Thursday, 27 November 2014

Norfolk and those Pink-footed Geese!

We have just returned from a great trip to Norfolk. The main purpose of which was to see the huge flocks of Pink-footed Geese roaming the skies, filling the fields and sitting on the shoreline at Snettisham.

Of course we managed to fit a lot of other things in as well, including adding two new species to our growing bird list and bringing our UK total up to 213.

Our time started with a trip to Titchwell on the Sunday. Titchwell is one of our favourite places due to the diversity of species and habitats and always the chance of the ever elusive Bearded Tit.
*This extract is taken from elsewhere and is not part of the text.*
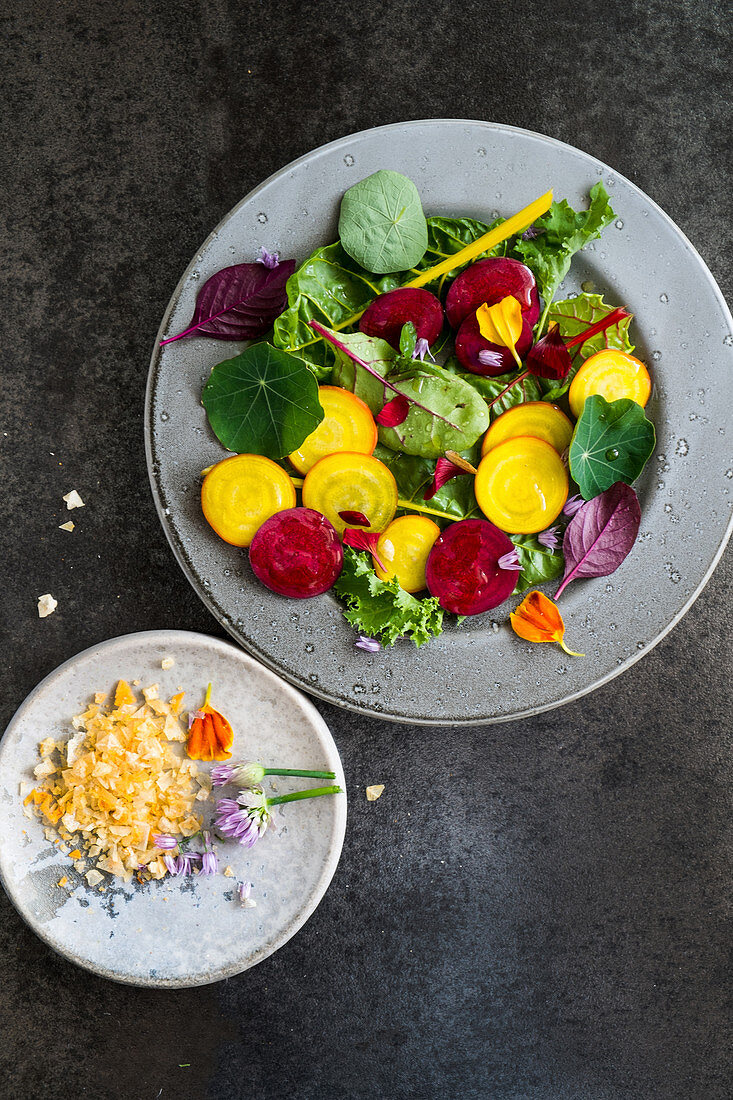 Rote-Bete-Salat mit Kapuzinerkresse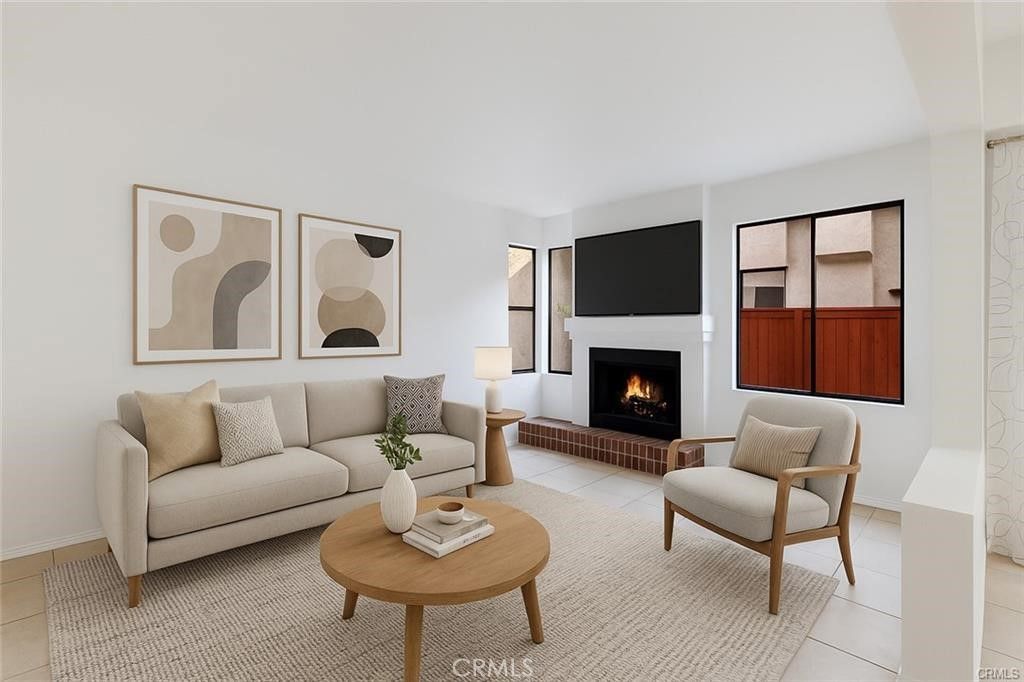 7211 Cozycroft 19, Winnetka, CA 91306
As usual we failed to see them yet again, we know winter isn't the best time, but you never know!

Anyway we had a good but sadly very wet day and cold day, as we reached the first hide the heavens opened, so we decided to stay put until it stopped, meaning we spent a good 90 minutes in there. Despite the weather we had good views from in the hide of Teal, Shoveler, Snipe, Water Rail, Godwit and a lonely Avocet:

The next day saw head out to Abbey Farm after some local birding at our digs. Outside our lodge was a pool with reeds and plenty of trees backing on to the start of Wells Woods, we had a particularly good morning; Marsh Harrier, Little Grebe, Mallard, Long-tailed Tit
Kestrel, Kingfisher, Blue & Great Tit, Jay and Great-spotted Woodpecker as highlights.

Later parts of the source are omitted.